DATA SECTION
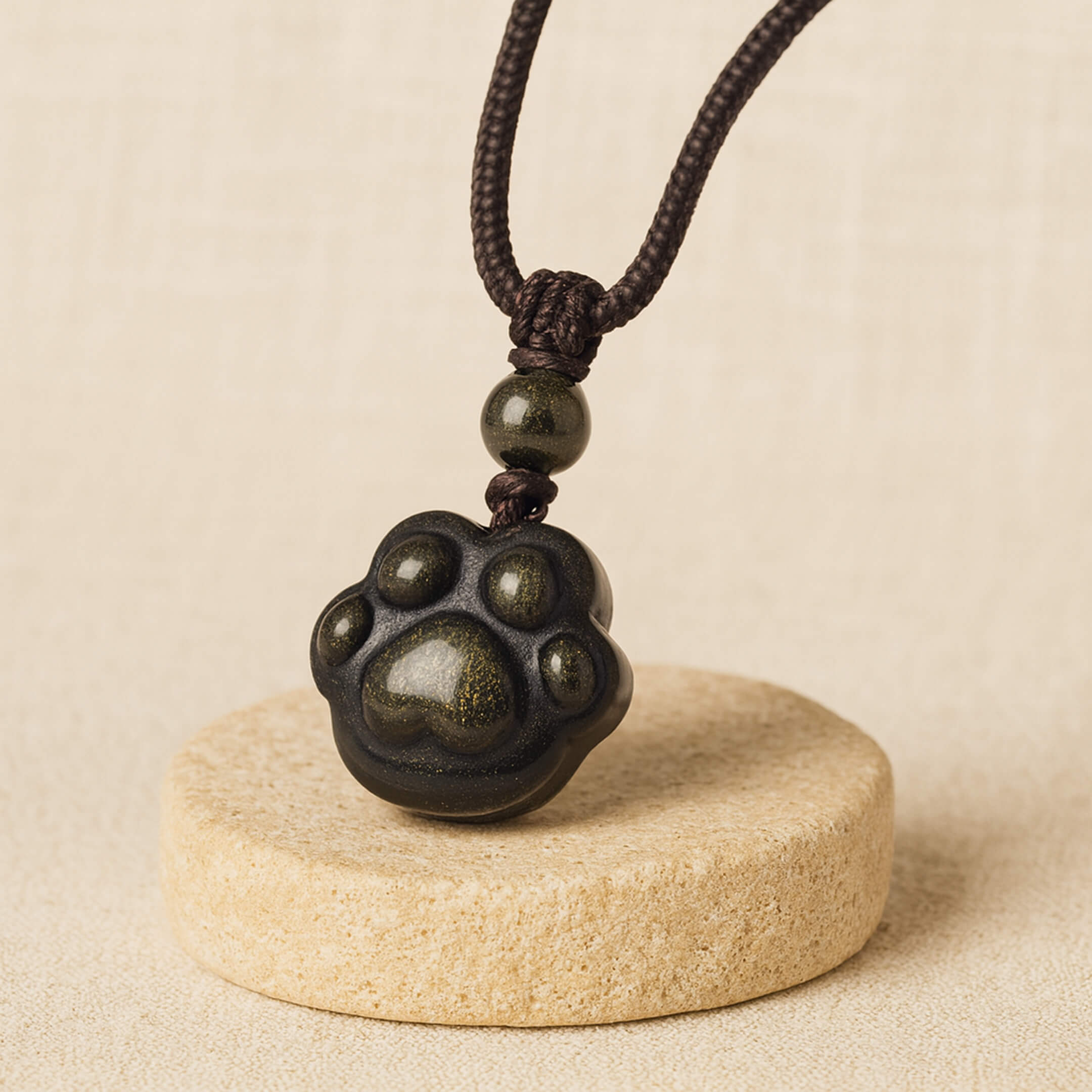 “Eternal Bond” Paw Pendant in Golden Obsidian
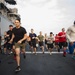 USS America (LHA 6) Sailors and Marines participate in 5k run on flight deck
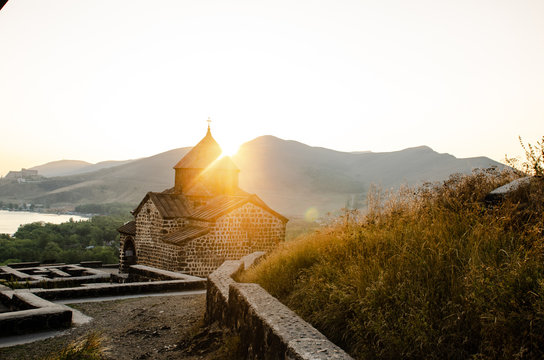 old Sevanavanq monastery in Sevan, Armenia while sunset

EXERCISE GOAL
The output should hold only the lines from the one containing "USS America (LHA" through the last line of the listing, reproduced exactly, pictures omitted.

REPLY
 USS America (LHA 6) Sailors and Marines participate in 5k run on flight deck
 old Sevanavanq monastery in Sevan, Armenia while sunset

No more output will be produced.